REQUIRED ACTION.
The lines to extract run from the first line of the entries through the line that contains "ペットたち 網戸ドア網戸専用ペットドア 犬猫用MumuElf出入り口"; reproduce exactly those lines and no others.
── ENTRIES PROVIDED ──
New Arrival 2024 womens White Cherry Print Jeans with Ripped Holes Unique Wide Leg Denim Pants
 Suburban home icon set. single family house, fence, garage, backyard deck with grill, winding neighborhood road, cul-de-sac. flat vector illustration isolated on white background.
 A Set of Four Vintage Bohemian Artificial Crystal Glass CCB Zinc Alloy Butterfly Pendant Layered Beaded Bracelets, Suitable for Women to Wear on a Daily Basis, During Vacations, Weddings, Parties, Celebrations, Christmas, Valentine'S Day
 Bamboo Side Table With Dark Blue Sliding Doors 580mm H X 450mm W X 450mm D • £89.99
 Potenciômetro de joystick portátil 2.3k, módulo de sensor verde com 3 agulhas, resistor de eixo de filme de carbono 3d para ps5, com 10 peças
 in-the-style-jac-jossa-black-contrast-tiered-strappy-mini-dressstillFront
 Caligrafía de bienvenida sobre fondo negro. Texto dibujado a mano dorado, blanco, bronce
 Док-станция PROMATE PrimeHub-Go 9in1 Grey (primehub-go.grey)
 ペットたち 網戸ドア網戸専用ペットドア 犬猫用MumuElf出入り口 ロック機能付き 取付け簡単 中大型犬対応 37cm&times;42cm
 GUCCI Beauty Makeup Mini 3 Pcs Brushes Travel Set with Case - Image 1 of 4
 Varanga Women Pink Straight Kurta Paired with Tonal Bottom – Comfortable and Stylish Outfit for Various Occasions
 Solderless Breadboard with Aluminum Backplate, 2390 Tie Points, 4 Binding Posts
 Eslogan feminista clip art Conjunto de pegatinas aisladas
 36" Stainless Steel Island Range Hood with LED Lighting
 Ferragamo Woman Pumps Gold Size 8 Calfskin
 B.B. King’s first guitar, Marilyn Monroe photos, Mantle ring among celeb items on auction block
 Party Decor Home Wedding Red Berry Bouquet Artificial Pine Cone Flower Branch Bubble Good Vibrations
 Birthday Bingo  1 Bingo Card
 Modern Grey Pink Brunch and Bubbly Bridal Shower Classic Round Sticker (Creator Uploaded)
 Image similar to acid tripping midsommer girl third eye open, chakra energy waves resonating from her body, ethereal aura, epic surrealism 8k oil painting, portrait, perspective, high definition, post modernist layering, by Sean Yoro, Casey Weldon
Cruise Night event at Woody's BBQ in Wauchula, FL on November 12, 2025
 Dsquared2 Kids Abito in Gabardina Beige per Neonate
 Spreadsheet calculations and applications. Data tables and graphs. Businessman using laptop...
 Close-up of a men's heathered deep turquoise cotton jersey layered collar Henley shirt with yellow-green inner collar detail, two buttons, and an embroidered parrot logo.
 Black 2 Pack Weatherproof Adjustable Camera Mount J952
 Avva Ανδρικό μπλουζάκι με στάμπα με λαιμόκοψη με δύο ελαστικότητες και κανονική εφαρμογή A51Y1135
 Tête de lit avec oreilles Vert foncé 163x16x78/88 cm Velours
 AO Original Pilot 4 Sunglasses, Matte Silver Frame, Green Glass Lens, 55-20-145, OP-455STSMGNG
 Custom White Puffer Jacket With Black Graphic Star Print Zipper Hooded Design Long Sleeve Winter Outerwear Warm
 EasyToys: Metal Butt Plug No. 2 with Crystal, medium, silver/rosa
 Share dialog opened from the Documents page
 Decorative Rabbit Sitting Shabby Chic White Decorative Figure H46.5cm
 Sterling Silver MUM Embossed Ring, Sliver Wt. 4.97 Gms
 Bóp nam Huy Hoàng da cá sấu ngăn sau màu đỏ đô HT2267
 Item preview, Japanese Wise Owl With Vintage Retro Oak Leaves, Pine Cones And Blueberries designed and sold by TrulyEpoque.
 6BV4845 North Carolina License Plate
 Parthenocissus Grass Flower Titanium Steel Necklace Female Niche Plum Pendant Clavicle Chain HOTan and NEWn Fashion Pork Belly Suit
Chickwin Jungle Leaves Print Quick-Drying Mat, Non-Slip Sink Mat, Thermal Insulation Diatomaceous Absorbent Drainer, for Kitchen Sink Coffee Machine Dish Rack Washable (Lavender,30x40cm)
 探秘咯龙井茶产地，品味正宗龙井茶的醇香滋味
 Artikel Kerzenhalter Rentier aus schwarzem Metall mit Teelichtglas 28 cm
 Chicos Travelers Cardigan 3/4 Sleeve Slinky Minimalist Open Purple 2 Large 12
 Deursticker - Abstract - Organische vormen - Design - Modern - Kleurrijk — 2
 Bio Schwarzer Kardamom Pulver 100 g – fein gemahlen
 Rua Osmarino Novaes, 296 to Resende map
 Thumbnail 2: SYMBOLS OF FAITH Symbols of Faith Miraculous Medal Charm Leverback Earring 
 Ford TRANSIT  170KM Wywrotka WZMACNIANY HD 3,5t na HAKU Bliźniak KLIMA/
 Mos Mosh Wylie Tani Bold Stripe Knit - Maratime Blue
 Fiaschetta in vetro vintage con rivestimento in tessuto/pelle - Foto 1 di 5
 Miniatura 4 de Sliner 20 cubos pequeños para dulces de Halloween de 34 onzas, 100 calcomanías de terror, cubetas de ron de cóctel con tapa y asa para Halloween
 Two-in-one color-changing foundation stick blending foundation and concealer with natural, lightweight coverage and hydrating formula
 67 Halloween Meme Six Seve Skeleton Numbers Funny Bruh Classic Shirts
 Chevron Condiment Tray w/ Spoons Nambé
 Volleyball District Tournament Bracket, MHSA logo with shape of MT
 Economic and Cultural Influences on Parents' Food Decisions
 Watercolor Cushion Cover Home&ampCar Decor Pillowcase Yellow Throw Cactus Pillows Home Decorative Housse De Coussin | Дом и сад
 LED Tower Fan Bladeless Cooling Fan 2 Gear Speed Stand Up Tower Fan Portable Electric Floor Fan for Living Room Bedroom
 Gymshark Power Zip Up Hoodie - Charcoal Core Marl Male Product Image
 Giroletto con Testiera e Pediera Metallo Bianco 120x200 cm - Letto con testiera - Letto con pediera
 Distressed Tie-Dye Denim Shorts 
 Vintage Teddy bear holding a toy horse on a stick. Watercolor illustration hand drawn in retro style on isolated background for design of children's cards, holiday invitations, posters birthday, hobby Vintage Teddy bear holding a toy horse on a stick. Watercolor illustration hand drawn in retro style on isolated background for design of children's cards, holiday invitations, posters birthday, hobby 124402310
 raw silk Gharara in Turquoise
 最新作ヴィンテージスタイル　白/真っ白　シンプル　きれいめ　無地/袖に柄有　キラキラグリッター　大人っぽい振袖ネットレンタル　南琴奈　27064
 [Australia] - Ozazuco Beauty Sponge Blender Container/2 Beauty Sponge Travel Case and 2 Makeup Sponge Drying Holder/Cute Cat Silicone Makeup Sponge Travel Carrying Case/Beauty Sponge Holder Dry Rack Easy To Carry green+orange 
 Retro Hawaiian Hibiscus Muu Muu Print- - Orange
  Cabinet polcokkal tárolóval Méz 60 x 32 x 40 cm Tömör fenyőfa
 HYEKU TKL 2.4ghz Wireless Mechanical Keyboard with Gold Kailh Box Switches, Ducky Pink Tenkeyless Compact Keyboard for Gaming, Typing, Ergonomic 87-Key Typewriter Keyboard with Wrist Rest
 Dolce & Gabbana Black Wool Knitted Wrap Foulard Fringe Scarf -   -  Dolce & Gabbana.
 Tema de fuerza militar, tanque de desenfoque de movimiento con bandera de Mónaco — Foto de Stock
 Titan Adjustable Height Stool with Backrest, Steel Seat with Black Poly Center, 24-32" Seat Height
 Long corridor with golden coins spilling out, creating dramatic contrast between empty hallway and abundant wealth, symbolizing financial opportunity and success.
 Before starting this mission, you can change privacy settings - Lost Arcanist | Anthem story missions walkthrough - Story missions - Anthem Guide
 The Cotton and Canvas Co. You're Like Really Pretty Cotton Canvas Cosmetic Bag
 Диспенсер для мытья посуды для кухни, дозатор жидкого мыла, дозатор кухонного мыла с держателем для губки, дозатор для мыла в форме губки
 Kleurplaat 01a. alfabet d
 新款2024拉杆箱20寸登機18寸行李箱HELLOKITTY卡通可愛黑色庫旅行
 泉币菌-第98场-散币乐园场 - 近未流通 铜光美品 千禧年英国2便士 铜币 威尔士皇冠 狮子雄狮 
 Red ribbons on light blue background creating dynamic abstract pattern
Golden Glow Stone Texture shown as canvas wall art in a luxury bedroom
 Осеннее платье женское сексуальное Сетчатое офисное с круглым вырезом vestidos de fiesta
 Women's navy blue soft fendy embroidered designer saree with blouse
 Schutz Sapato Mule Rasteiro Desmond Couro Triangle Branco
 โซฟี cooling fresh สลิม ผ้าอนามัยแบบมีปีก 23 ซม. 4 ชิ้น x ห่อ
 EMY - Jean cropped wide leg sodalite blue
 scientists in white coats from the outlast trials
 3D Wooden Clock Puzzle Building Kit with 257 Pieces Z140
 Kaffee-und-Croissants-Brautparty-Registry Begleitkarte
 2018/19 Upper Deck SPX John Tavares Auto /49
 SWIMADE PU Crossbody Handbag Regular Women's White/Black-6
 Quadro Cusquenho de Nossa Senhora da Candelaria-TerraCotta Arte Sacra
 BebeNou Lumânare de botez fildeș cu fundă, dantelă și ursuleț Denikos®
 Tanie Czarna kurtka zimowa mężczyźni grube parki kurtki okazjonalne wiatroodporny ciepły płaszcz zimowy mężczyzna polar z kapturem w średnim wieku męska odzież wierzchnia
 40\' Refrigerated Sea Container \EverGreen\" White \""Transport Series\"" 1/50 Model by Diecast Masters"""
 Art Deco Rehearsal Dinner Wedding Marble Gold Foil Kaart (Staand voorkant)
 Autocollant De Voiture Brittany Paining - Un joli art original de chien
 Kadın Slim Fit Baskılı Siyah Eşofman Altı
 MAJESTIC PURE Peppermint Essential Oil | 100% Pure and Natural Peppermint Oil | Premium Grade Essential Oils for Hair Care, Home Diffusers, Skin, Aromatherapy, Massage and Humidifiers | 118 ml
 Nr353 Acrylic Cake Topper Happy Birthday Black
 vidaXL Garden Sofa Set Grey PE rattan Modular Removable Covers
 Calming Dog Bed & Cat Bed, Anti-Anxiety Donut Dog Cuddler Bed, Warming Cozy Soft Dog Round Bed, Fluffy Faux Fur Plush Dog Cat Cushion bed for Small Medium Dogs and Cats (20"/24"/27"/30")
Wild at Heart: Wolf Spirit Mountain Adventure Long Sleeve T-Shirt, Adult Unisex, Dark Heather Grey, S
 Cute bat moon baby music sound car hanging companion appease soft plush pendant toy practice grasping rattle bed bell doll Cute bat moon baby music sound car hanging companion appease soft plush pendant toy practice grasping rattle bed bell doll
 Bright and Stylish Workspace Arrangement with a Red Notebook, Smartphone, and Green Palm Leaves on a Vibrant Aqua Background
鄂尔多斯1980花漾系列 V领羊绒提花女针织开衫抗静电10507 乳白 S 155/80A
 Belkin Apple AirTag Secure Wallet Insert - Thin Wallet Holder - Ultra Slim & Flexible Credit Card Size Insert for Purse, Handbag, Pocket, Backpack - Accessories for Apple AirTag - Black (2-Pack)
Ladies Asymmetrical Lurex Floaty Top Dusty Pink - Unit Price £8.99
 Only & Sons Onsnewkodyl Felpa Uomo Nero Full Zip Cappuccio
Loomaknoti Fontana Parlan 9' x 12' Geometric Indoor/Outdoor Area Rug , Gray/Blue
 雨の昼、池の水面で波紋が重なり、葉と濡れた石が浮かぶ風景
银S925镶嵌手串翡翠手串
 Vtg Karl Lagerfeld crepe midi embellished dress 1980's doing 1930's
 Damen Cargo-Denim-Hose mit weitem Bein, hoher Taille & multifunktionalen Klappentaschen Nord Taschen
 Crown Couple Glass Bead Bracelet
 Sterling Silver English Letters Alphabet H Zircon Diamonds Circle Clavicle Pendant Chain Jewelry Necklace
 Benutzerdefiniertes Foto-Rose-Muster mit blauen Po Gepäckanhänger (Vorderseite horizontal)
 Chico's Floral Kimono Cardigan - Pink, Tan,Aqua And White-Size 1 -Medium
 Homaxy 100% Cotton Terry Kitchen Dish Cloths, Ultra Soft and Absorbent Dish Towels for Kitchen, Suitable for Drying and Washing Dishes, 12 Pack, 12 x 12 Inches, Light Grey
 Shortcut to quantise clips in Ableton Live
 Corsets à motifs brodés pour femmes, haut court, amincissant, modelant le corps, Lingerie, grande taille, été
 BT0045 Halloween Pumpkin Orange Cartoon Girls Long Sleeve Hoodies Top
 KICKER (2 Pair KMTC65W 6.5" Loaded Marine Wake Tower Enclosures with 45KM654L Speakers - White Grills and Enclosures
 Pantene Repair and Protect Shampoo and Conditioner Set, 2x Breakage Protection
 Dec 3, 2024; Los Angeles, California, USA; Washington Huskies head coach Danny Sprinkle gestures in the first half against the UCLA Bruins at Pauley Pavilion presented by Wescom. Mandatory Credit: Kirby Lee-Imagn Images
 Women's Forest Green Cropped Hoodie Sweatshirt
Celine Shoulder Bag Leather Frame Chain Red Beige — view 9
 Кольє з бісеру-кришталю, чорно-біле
───
ANSWER FOR THIS EXERCISE.
New Arrival 2024 womens White Cherry Print Jeans with Ripped Holes Unique Wide Leg Denim Pants
 Suburban home icon set. single family house, fence, garage, backyard deck with grill, winding neighborhood road, cul-de-sac. flat vector illustration isolated on white background.
 A Set of Four Vintage Bohemian Artificial Crystal Glass CCB Zinc Alloy Butterfly Pendant Layered Beaded Bracelets, Suitable for Women to Wear on a Daily Basis, During Vacations, Weddings, Parties, Celebrations, Christmas, Valentine'S Day
 Bamboo Side Table With Dark Blue Sliding Doors 580mm H X 450mm W X 450mm D • £89.99
 Potenciômetro de joystick portátil 2.3k, módulo de sensor verde com 3 agulhas, resistor de eixo de filme de carbono 3d para ps5, com 10 peças
 in-the-style-jac-jossa-black-contrast-tiered-strappy-mini-dressstillFront
 Caligrafía de bienvenida sobre fondo negro. Texto dibujado a mano dorado, blanco, bronce
 Док-станция PROMATE PrimeHub-Go 9in1 Grey (primehub-go.grey)
 ペットたち 網戸ドア網戸専用ペットドア 犬猫用MumuElf出入り口 ロック機能付き 取付け簡単 中大型犬対応 37cm&times;42cm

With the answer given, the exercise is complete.